I am not a big on giving advice. Advice normally comes as an opinion or recommendation as to what action should be taken. It’s that last piece about ‘action to be taken’ which is why I am not big on giving advice.
Inherently I don’t like to tell anyone what to do in any given situation. I am always pleased to offer my opinion in most any situation. I am always happy if my opinion is considered. I am always delighted if my opinion is perceived as being of value. But that’s as far as it goes.
I’ve worked with many people who love to give advice…and even with some would be outright annoyed if their advice was not taken. And maybe this is also part of why I steer clear of advice giving.
Conversely I am very big on receiving advice – any advice from anyone on anything. Not that I ever commit to act on advice offered. But I always commit to listening intently and I always consider in depth before I make any decision on action. In fact I often go out of my way to solicit feedback…asking colleagues and friends for their input.
Ours is a non-deterministic industry. We are seldom presented with black and white questions…yes or no answers. Opinions and ideas; suggestions and options are priceless. Key to success is assessing, ranking, deciding and acting.
I can still remember the best advice I ever got. And it was given over 10 years ago. I had just been appointed to my first global leadership role. I was excited. I was nervous. And I made what turned out to be a great decision. I walked into the office of the leader I was replacing…sat myself down…and asked for advice in my new role.

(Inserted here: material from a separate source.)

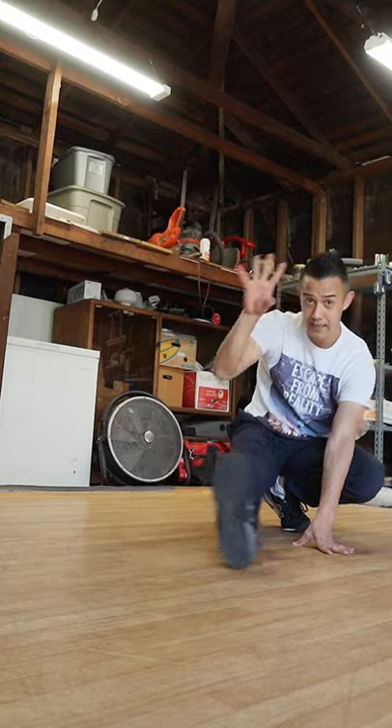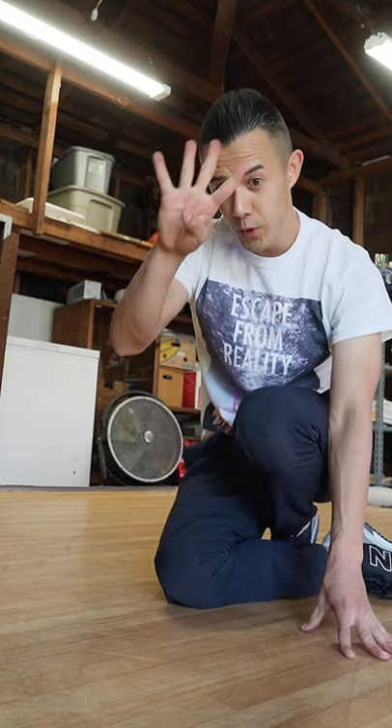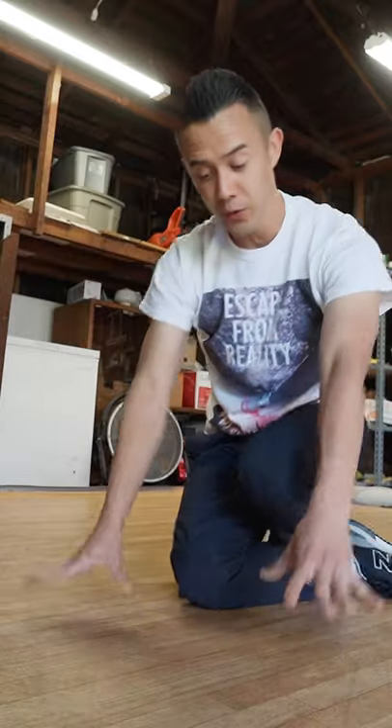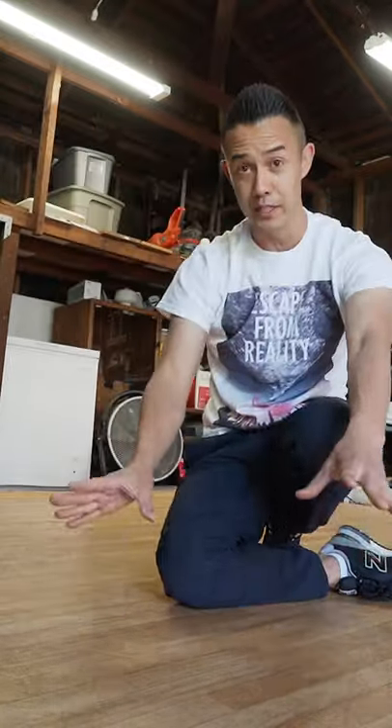Step three: pick up your hands as you swing and into a hook. Step four: practice jumping back and forth while in the hook, going from your hands to your feet.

Keep your blinds open…locally and globally. Was the first. The offices we occupied in those days were all glass – no solid walls. Over the years occupants had arranged for blinds to be fitted to give some privacy. And privacy does have its use in any office – we all have to undertake confidential or personal work some time. But this first advice was a reflection that many office occupants left their blinds closed so that no-one who passed could ever see them or see what they were doing.
‘Keep your blinds open’ was a message about being visible, being open and being approachable. Simple and powerful and something I still work to emulate – both literally and philosophically. But this wasn’t the best advice. That came next.
Don’t ever doubt yourself. That was it. Well there was some more color commentary about how anytime I ever found myself doubting my ability, that I should pinch myself and move on. How time spent doubting or worrying is thinking time wasted. But the lasting impact and (ten year plus) value was from those four words. Don’t ever doubt yourself.
We all find ourselves in situations where we feel anxious or worried. Almost by definition this is what personal growth is all about – no longer feeling comfortable or in control…that feeling of being stretched as a scientist; as a leader or as a person. And this is where – and why – my best (received) advice is so powerful. In moments of stretch and challenge it is so easy for self-doubt to creep in. And the one true certainty about self doubt is that it leads to missed opportunity.
It is our skill and experience; our instinct and insight that have lead us to these moments. It is our ability that will take us to our future.
Don’t ever doubt yourself.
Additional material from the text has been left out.